If a line in the listing below has the string "Volkswagen", copy it out.

=-=-=

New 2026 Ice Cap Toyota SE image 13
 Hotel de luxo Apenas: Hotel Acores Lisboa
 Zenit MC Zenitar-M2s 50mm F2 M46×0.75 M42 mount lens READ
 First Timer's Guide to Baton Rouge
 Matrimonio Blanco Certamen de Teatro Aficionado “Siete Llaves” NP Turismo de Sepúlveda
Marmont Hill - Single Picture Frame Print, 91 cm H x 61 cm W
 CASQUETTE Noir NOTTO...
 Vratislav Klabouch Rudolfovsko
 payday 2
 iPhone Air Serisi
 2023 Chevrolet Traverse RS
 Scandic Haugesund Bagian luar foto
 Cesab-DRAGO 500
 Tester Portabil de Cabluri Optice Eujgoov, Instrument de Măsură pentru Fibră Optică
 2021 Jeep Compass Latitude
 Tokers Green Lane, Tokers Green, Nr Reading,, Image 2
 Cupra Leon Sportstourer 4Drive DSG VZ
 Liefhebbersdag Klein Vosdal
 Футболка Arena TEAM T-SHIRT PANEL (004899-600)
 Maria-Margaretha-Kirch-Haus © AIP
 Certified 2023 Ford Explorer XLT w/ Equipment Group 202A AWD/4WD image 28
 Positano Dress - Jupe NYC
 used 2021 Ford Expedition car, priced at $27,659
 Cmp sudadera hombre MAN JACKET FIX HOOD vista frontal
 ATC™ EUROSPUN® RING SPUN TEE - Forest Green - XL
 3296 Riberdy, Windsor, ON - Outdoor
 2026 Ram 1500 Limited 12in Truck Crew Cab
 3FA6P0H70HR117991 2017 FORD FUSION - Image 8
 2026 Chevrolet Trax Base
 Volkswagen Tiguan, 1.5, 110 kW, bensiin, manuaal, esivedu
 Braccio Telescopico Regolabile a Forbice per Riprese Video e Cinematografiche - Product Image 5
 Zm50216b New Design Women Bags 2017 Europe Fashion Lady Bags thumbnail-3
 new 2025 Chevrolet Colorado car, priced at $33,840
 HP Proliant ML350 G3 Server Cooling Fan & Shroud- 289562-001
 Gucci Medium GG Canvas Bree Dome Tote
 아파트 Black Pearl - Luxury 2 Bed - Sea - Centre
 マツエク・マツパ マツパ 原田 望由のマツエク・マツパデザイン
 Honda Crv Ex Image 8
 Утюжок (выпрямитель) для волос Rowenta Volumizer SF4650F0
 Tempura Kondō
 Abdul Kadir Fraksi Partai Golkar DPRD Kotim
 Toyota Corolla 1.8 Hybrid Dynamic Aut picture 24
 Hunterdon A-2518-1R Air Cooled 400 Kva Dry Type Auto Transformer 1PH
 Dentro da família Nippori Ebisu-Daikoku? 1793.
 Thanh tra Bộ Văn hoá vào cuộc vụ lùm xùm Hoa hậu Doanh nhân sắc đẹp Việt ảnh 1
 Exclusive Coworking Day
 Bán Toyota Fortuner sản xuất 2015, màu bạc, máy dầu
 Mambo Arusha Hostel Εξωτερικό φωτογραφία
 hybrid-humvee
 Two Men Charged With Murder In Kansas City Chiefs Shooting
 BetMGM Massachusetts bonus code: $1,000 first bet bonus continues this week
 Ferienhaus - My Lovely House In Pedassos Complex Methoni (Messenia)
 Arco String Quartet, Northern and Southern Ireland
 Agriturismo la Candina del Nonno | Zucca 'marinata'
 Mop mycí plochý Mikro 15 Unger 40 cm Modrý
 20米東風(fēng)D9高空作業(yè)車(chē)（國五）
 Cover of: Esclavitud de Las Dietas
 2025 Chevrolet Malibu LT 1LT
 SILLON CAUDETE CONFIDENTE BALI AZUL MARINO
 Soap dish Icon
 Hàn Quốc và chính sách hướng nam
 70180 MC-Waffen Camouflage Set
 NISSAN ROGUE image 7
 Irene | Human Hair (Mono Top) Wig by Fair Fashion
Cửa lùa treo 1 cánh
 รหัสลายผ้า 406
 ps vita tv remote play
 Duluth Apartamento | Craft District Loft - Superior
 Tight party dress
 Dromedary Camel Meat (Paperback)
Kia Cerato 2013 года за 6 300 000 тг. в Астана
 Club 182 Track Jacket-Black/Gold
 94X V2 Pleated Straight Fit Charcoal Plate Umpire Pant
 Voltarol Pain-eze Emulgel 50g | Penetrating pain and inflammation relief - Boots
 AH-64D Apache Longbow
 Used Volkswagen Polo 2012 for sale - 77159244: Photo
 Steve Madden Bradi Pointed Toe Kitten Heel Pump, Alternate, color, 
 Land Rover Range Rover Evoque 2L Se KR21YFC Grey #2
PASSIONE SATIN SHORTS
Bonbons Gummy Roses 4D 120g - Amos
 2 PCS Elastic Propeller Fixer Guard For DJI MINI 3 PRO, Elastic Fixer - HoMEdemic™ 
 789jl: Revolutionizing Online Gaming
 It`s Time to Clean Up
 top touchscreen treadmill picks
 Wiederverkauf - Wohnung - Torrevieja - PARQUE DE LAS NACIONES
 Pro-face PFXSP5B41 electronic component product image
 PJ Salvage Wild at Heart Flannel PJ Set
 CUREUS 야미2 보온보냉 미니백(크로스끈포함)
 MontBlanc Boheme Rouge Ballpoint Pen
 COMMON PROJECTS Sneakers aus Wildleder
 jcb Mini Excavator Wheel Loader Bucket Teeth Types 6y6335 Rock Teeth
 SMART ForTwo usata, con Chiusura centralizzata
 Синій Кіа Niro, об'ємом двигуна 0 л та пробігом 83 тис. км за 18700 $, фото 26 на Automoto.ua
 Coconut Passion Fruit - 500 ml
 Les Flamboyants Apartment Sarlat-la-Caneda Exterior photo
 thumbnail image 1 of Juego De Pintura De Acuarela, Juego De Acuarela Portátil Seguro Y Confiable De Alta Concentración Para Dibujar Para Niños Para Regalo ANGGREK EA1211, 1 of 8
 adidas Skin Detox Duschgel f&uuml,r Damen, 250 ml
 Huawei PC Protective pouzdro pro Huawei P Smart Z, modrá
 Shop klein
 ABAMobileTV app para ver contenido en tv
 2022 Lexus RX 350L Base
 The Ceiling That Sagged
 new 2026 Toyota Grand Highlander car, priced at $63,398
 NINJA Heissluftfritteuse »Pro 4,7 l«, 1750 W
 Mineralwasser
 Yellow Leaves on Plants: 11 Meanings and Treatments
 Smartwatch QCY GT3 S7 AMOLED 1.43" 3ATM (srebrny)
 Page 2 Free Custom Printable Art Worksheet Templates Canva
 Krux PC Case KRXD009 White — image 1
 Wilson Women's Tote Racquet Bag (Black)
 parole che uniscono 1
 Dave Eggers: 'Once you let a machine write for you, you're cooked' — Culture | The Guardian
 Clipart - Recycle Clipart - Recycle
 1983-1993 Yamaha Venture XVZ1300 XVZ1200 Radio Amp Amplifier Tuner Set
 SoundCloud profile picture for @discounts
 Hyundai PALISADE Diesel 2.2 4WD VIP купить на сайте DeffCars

=-=-=

● **Result of this task**:
 Volkswagen Tiguan, 1.5, 110 kW, bensiin, manuaal, esivedu
 Used Volkswagen Polo 2012 for sale - 77159244: Photo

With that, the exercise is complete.